- [THE INPUT]:
━━━

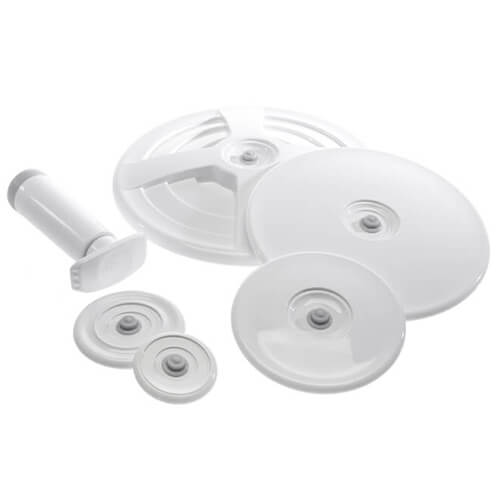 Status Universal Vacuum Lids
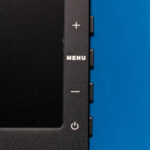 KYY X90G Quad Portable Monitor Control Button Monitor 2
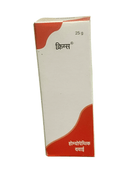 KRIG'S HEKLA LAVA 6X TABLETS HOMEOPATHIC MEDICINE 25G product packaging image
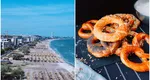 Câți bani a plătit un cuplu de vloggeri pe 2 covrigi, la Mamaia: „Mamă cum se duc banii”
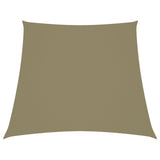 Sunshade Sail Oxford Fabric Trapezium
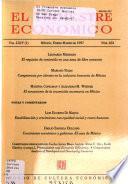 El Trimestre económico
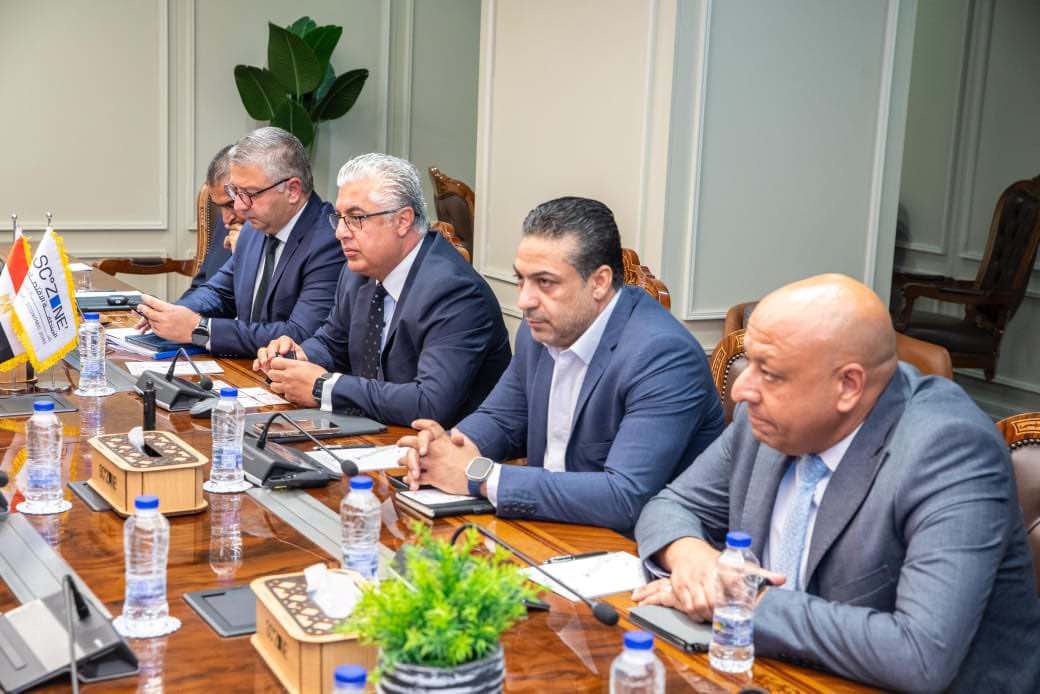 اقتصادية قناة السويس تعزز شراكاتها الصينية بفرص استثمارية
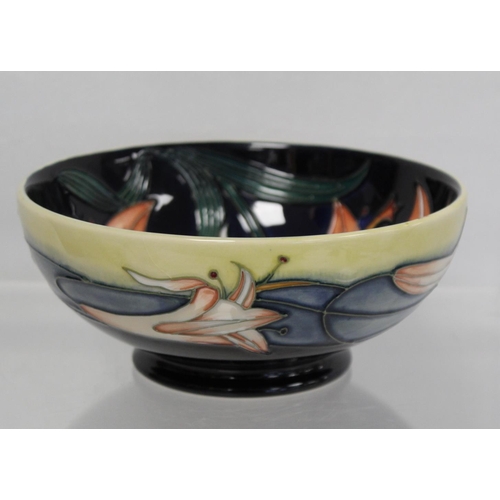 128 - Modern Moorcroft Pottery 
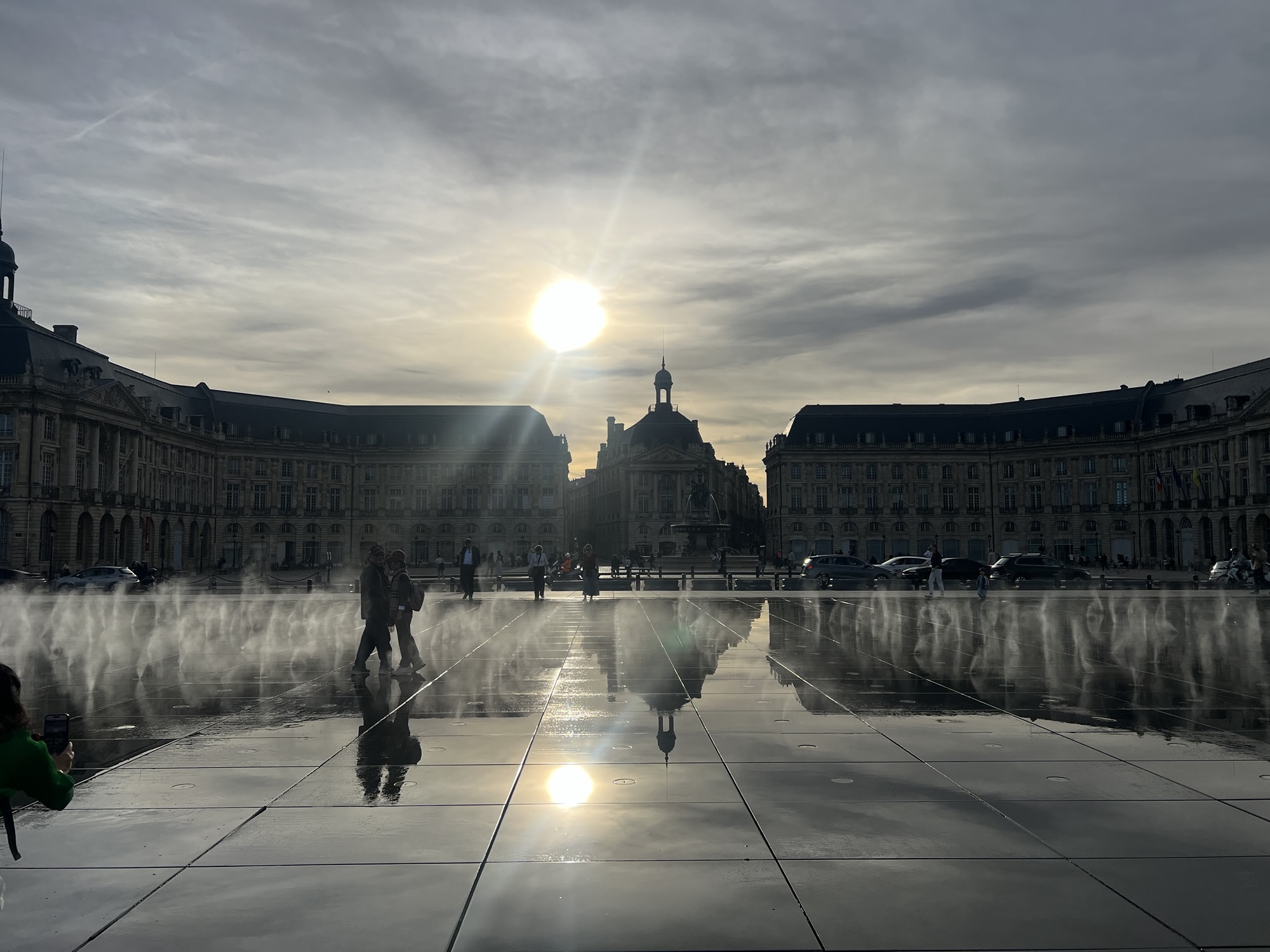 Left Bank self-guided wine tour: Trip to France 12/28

━━━

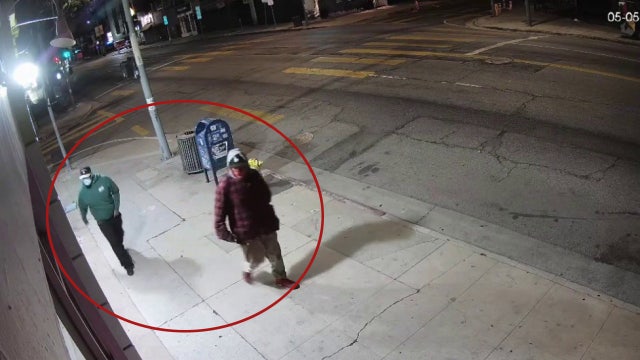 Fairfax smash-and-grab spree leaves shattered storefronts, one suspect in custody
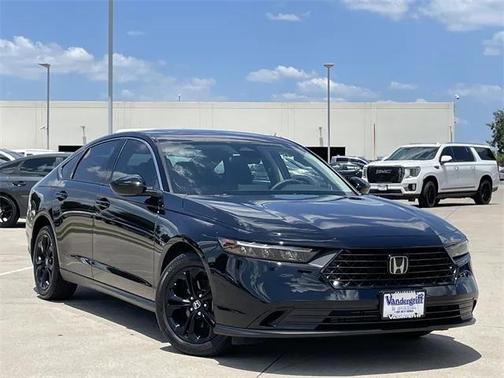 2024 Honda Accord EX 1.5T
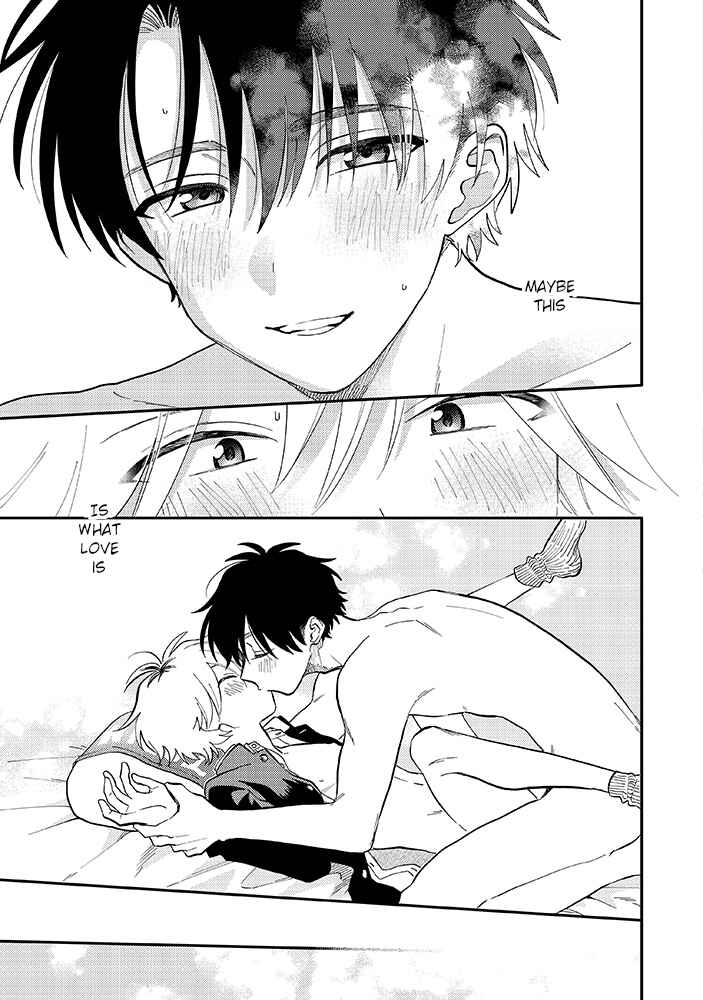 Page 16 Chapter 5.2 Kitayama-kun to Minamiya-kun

━━━

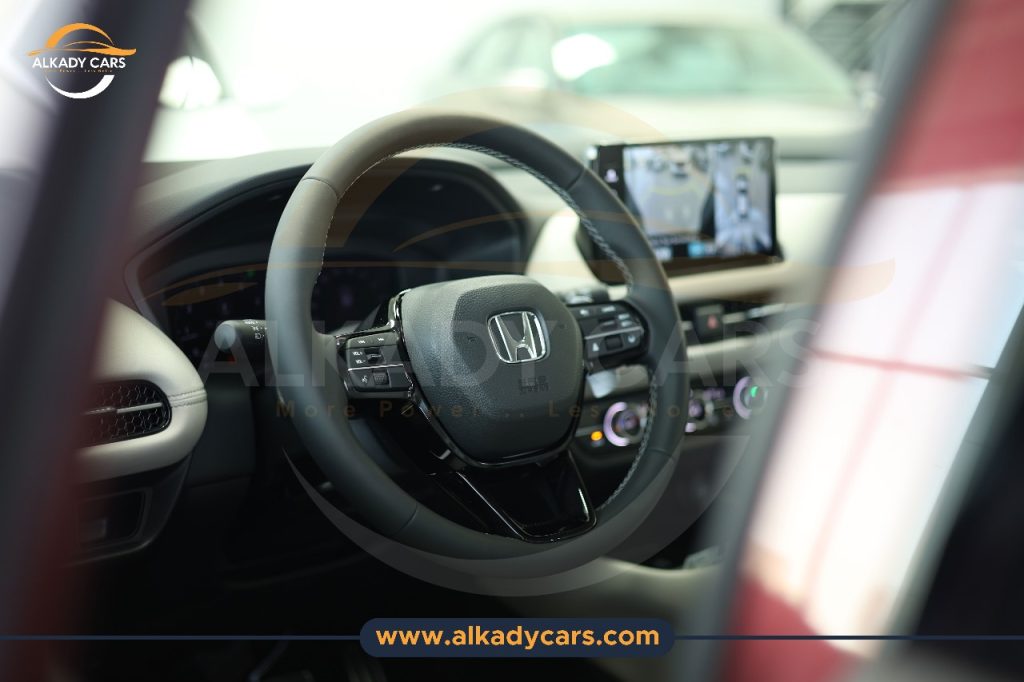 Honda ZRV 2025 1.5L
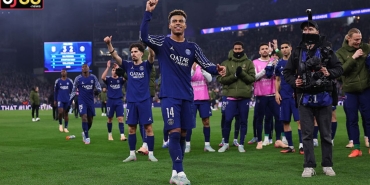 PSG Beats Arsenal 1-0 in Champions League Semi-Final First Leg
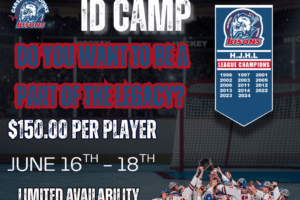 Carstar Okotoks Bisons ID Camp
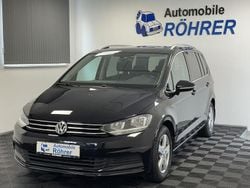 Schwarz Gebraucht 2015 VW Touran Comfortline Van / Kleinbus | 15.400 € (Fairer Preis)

━━━

- [TASK TO CARRY OUT]: Copy word for word only the lines above from the one with "Status Universal Vacuum Lids" through the one with "Left Bank self-guided". Leave pictures out.

- [COMPLETED EXERCISE]:
 Status Universal Vacuum Lids
 KYY X90G Quad Portable Monitor Control Button Monitor 2
 KRIG'S HEKLA LAVA 6X TABLETS HOMEOPATHIC MEDICINE 25G product packaging image
 Câți bani a plătit un cuplu de vloggeri pe 2 covrigi, la Mamaia: „Mamă cum se duc banii”
 Sunshade Sail Oxford Fabric Trapezium
 El Trimestre económico
 اقتصادية قناة السويس تعزز شراكاتها الصينية بفرص استثمارية
 128 - Modern Moorcroft Pottery 
 Left Bank self-guided wine tour: Trip to France 12/28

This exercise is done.